──────── Source material ────────

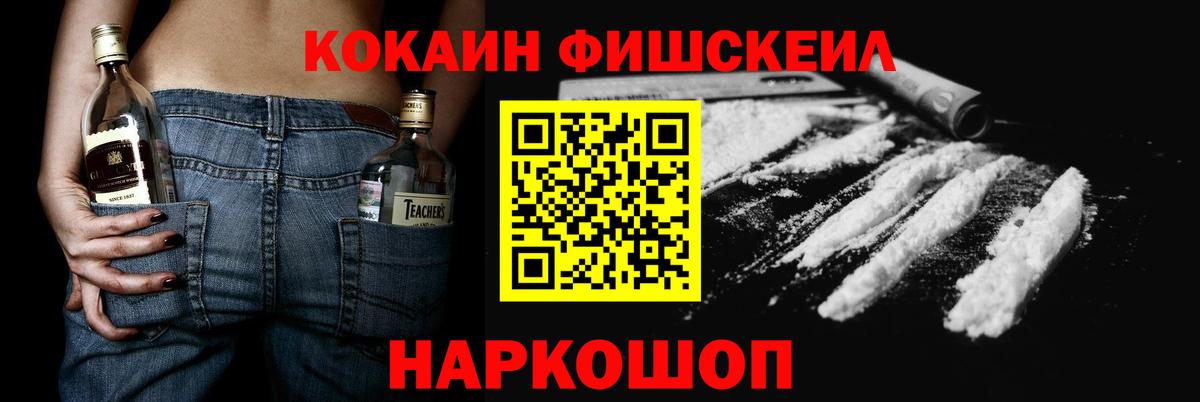 Cocaine Fish Scale Камень-на-Оби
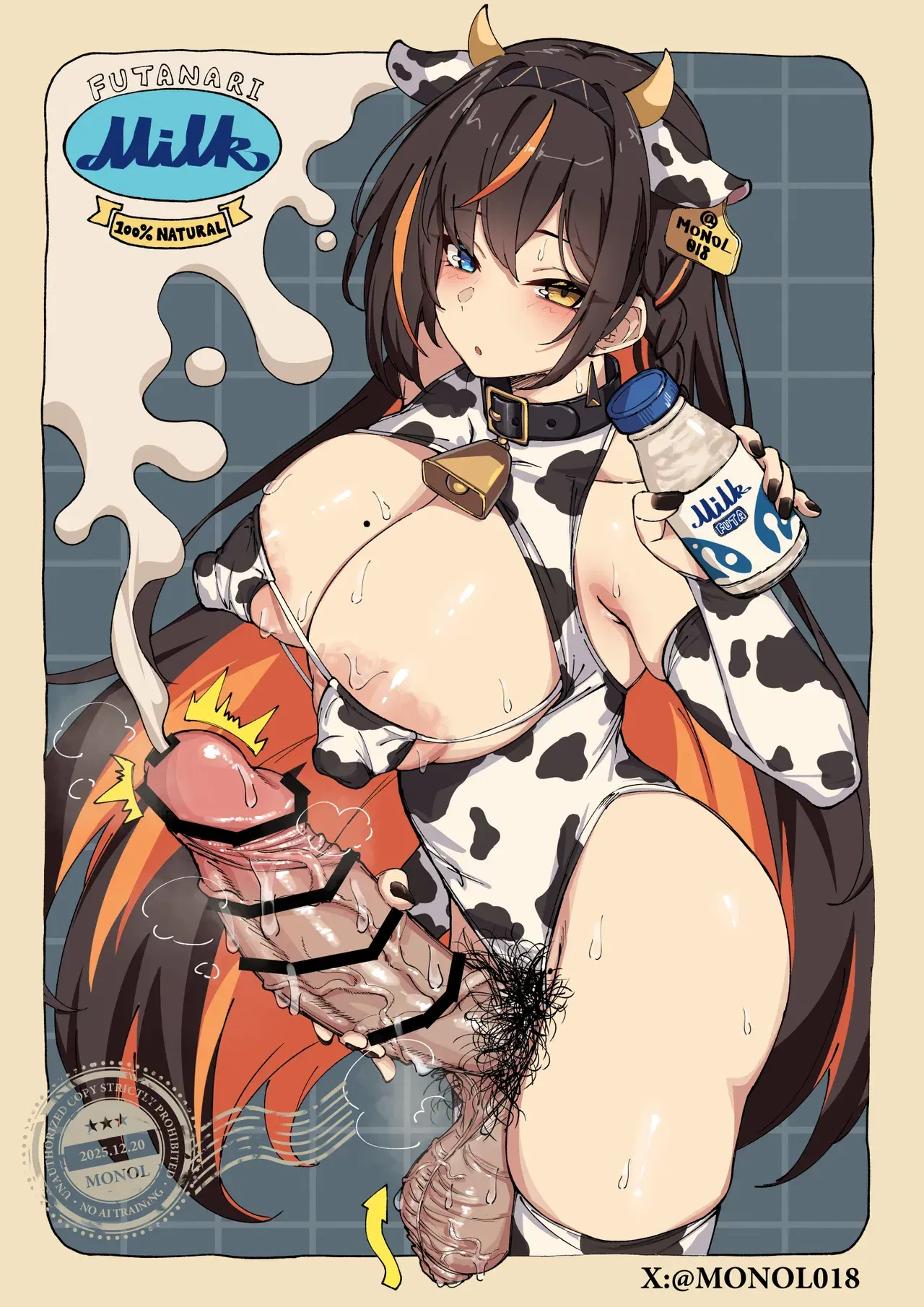 Image #10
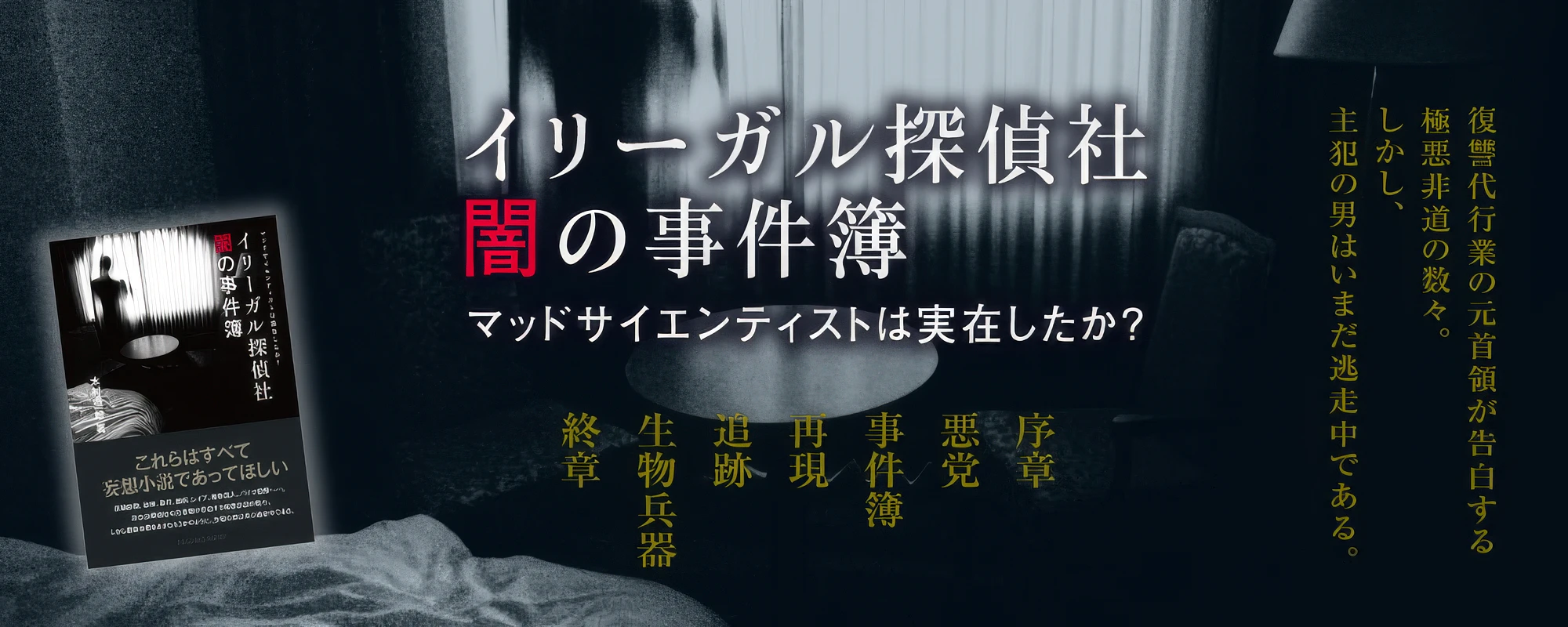 イリーガル探偵社バナー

────────

**What to do**
Could you print the data exactly as it appears and keep the pictures out?

**Answer to this exercise**
 Cocaine Fish Scale Камень-на-Оби
 Image #10
 イリーガル探偵社バナー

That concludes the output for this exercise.